* _How to complete this task_
Please repeat only the lines below starting at the line that holds "HUANUO Dual Monitor" and ending at the line that holds "Payson Alabaster Wall", exactly, with both of those lines included and every picture omitted.

* _Excerpted data_
□ □ □ □

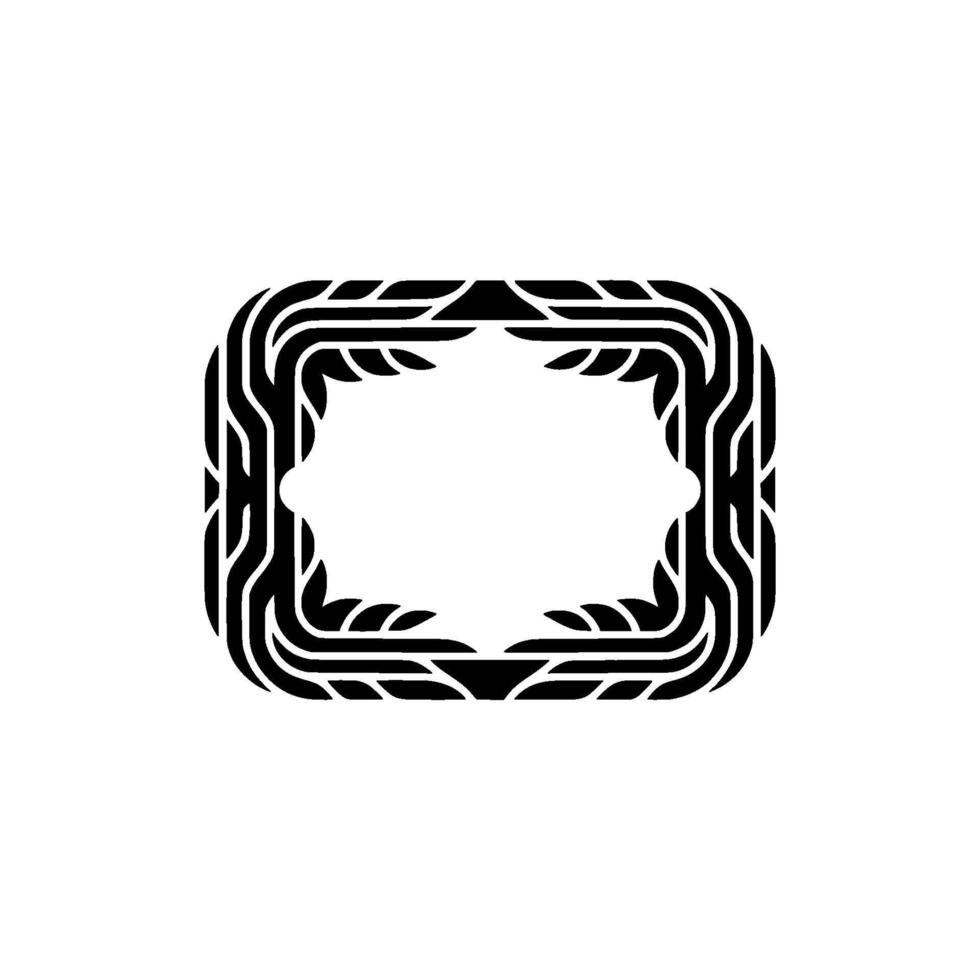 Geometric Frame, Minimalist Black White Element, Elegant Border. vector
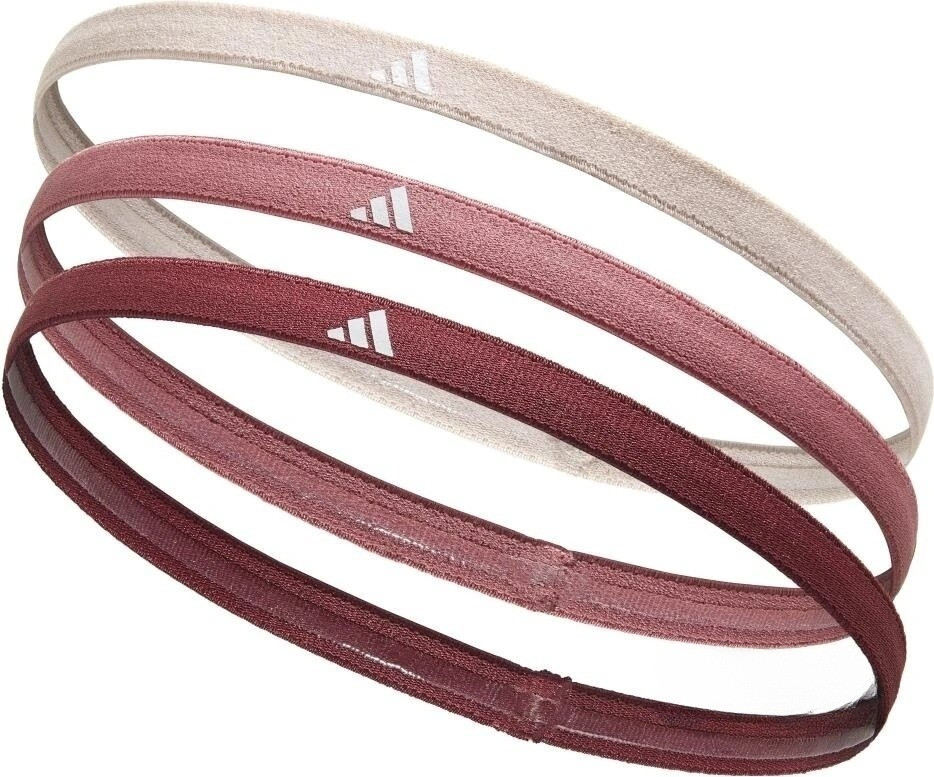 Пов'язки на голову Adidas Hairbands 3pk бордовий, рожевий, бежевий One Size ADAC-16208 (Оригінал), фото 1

□ □ □ □

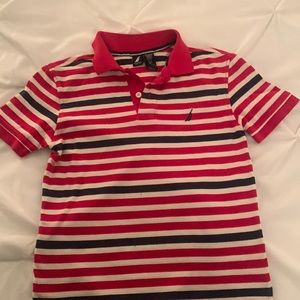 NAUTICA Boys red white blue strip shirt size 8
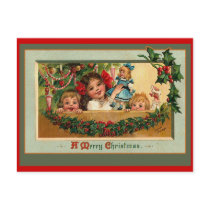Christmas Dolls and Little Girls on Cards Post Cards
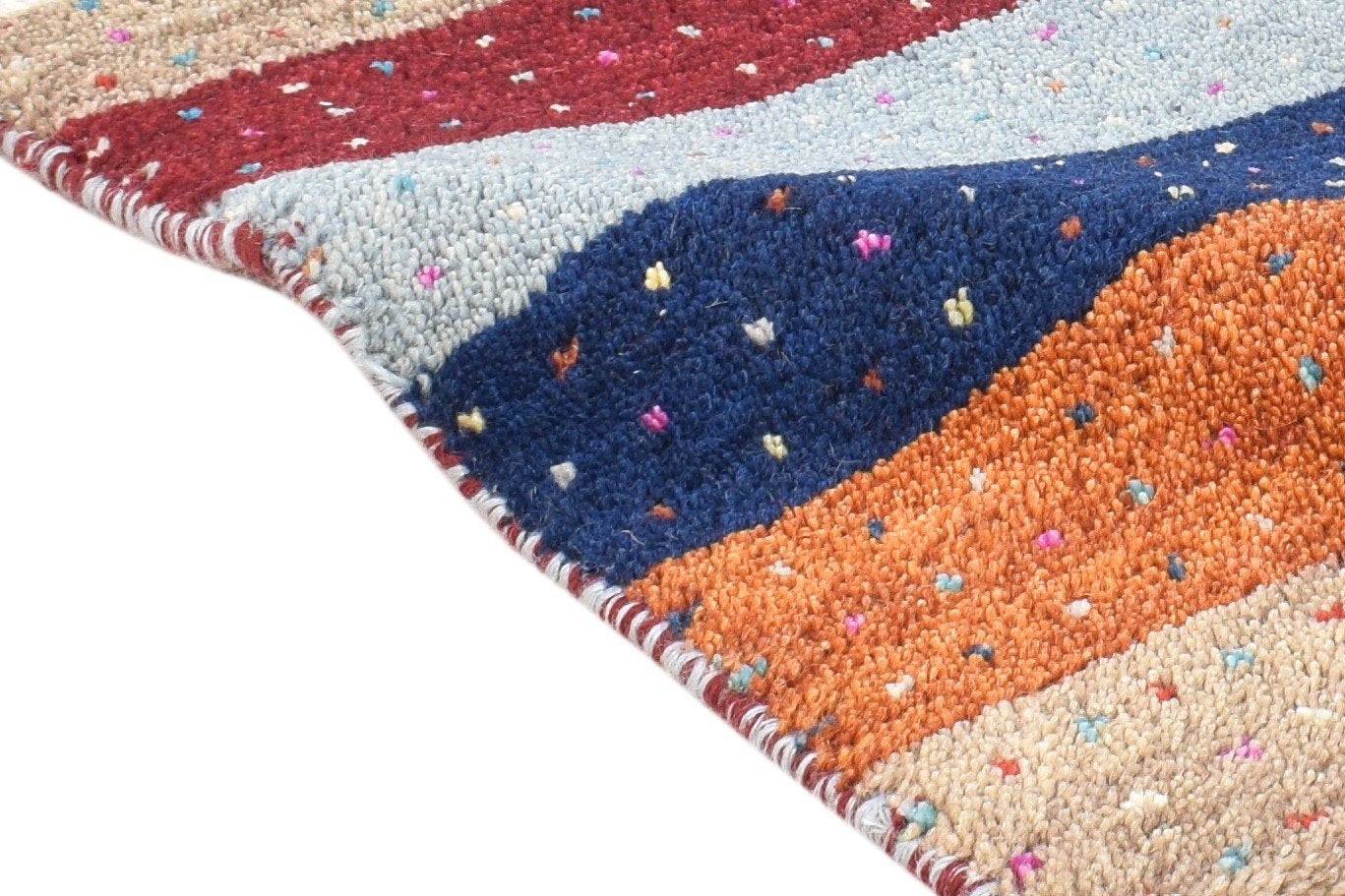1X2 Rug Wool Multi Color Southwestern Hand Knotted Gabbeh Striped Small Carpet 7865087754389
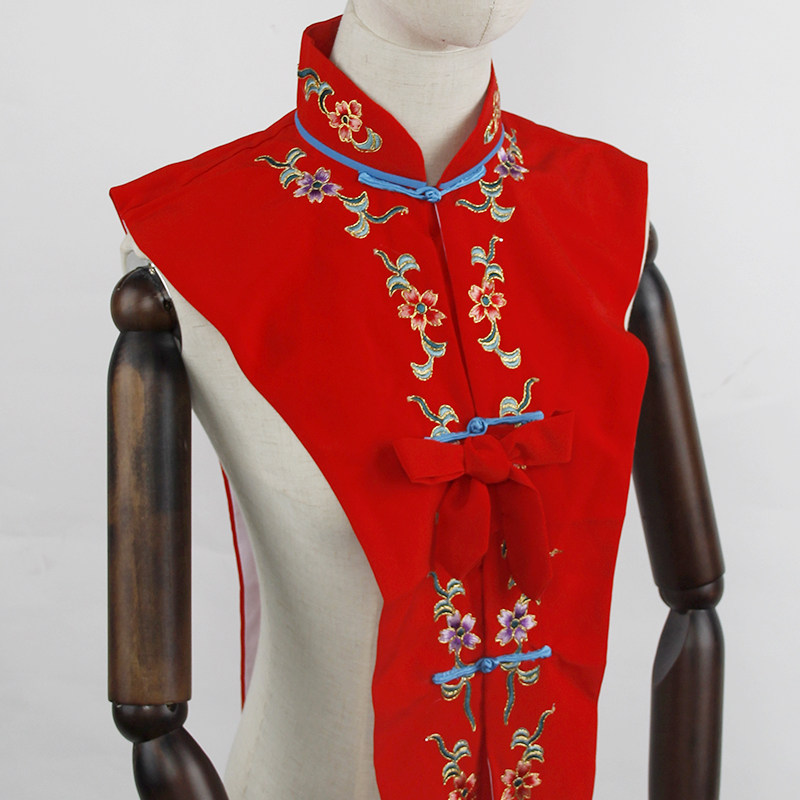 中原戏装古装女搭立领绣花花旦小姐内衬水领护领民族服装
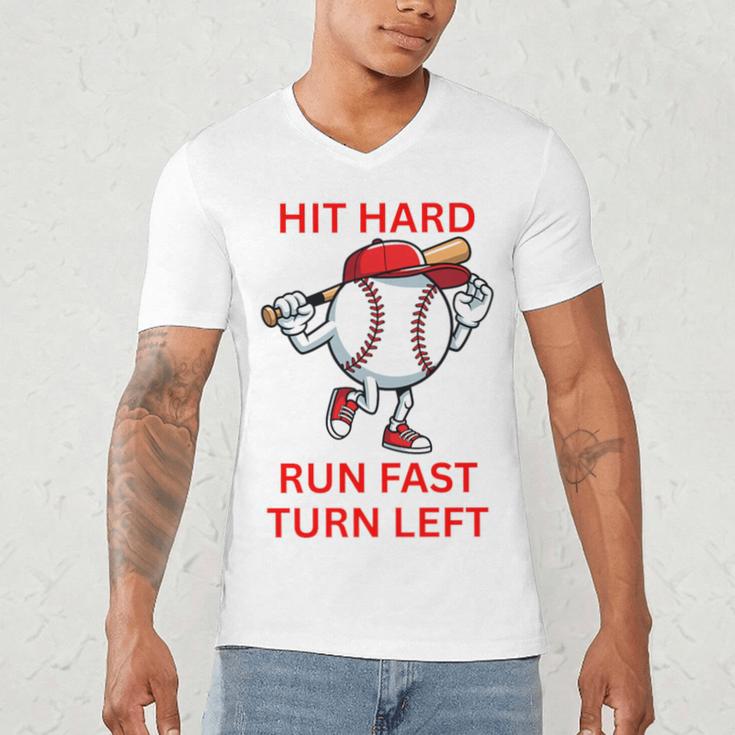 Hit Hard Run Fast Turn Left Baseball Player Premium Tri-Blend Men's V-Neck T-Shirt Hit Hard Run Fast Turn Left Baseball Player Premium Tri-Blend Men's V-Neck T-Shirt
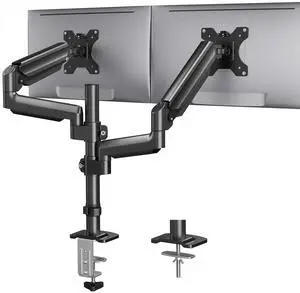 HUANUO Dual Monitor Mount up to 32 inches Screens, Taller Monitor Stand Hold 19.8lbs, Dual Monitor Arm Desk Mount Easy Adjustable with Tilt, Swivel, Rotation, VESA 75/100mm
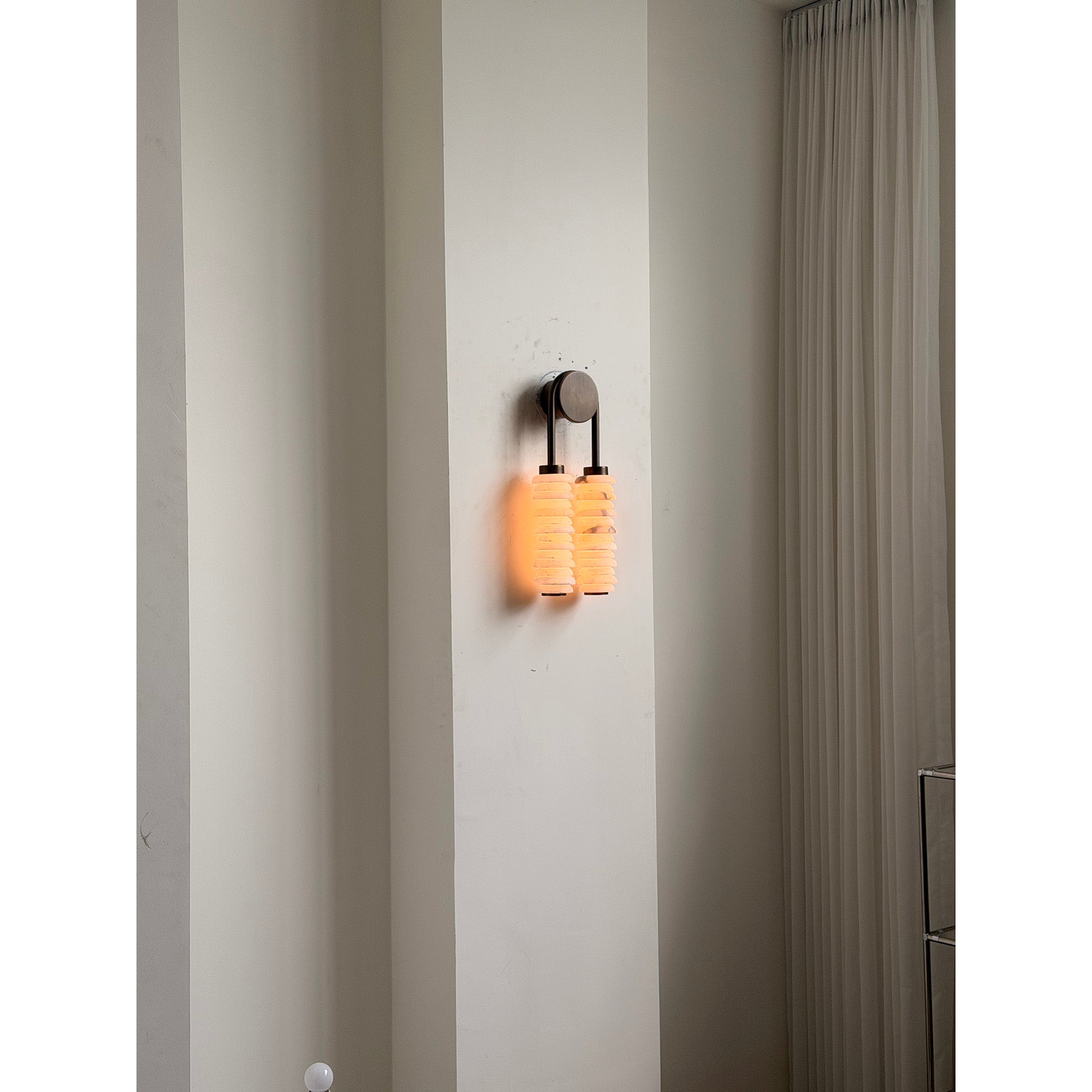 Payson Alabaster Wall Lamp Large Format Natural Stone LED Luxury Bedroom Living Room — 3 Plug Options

□ □ □ □

* _Result of this exercise_
 HUANUO Dual Monitor Mount up to 32 inches Screens, Taller Monitor Stand Hold 19.8lbs, Dual Monitor Arm Desk Mount Easy Adjustable with Tilt, Swivel, Rotation, VESA 75/100mm
 Payson Alabaster Wall Lamp Large Format Natural Stone LED Luxury Bedroom Living Room — 3 Plug Options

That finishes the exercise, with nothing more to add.